TASK BRIEF: Line by line, copy the records below exactly and leave the pictures out.

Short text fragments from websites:
● ● ● ●

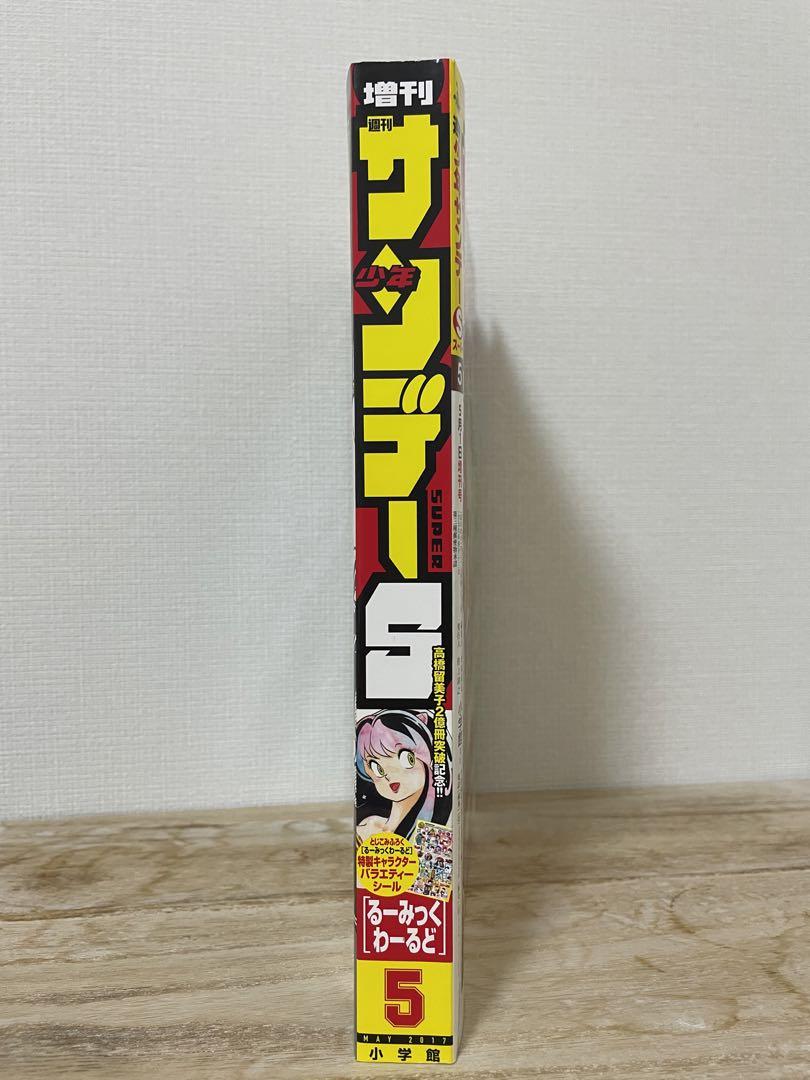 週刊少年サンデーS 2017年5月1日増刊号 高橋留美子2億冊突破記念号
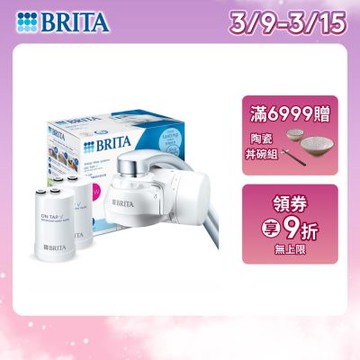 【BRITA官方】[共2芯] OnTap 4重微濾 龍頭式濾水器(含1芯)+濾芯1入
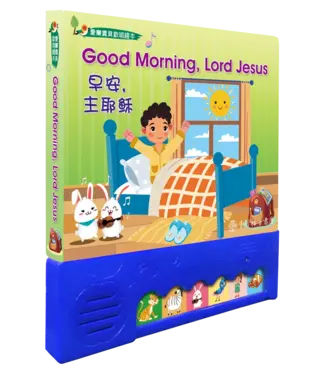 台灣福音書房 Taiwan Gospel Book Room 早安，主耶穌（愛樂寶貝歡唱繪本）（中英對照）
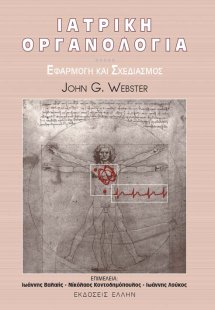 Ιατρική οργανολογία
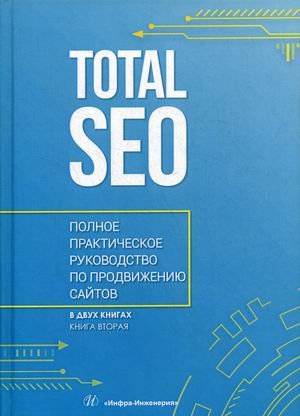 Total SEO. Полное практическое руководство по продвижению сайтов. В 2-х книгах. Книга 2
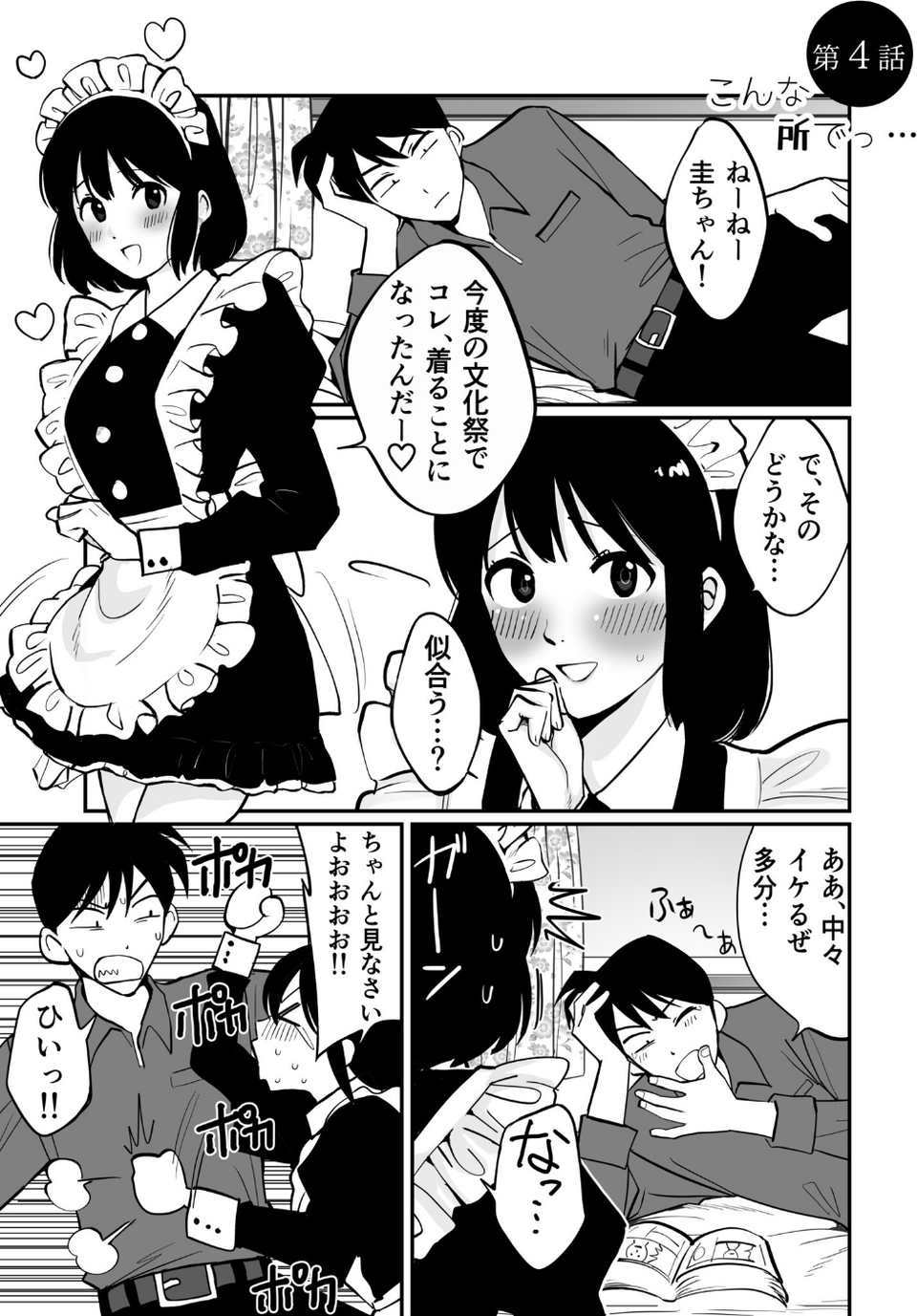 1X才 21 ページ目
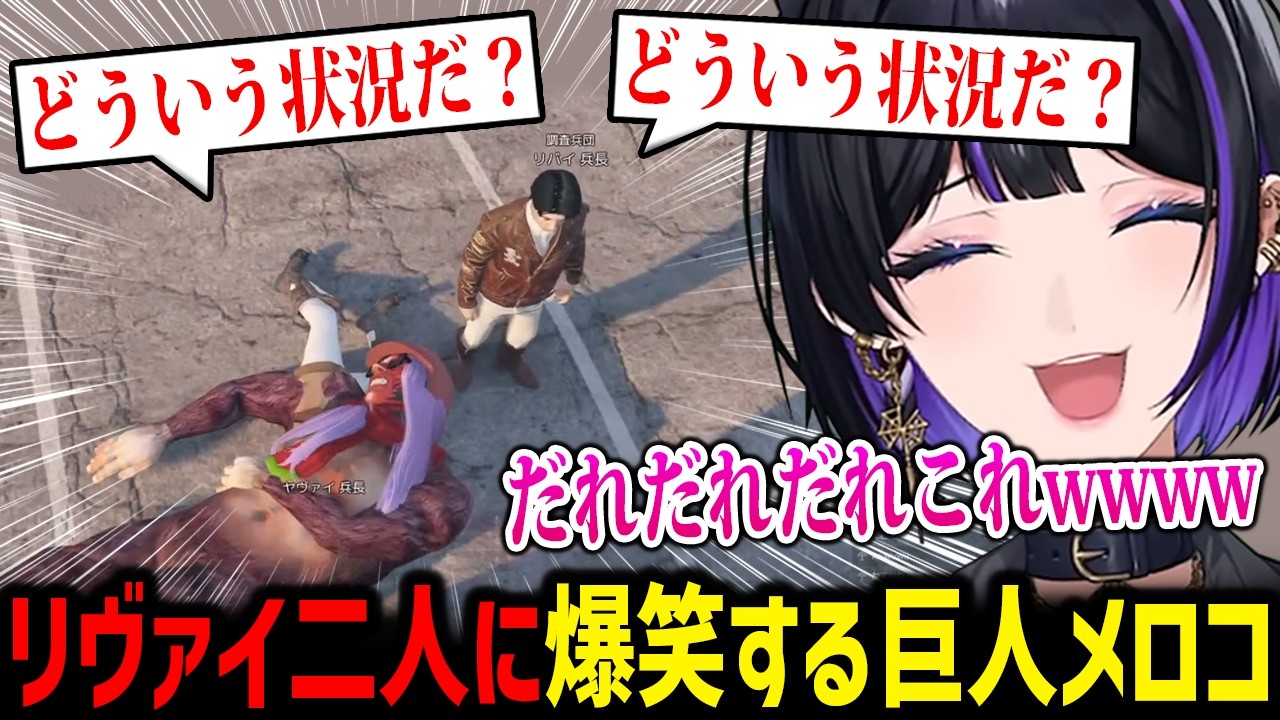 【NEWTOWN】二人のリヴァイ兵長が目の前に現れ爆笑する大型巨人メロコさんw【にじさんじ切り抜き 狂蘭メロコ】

● ● ● ●

WRITTEN ANSWER:
 週刊少年サンデーS 2017年5月1日増刊号 高橋留美子2億冊突破記念号
 【BRITA官方】[共2芯] OnTap 4重微濾 龍頭式濾水器(含1芯)+濾芯1入
 台灣福音書房 Taiwan Gospel Book Room 早安，主耶穌（愛樂寶貝歡唱繪本）（中英對照）
 Ιατρική οργανολογία
 Total SEO. Полное практическое руководство по продвижению сайтов. В 2-х книгах. Книга 2
 1X才 21 ページ目
 【NEWTOWN】二人のリヴァイ兵長が目の前に現れ爆笑する大型巨人メロコさんw【にじさんじ切り抜き 狂蘭メロコ】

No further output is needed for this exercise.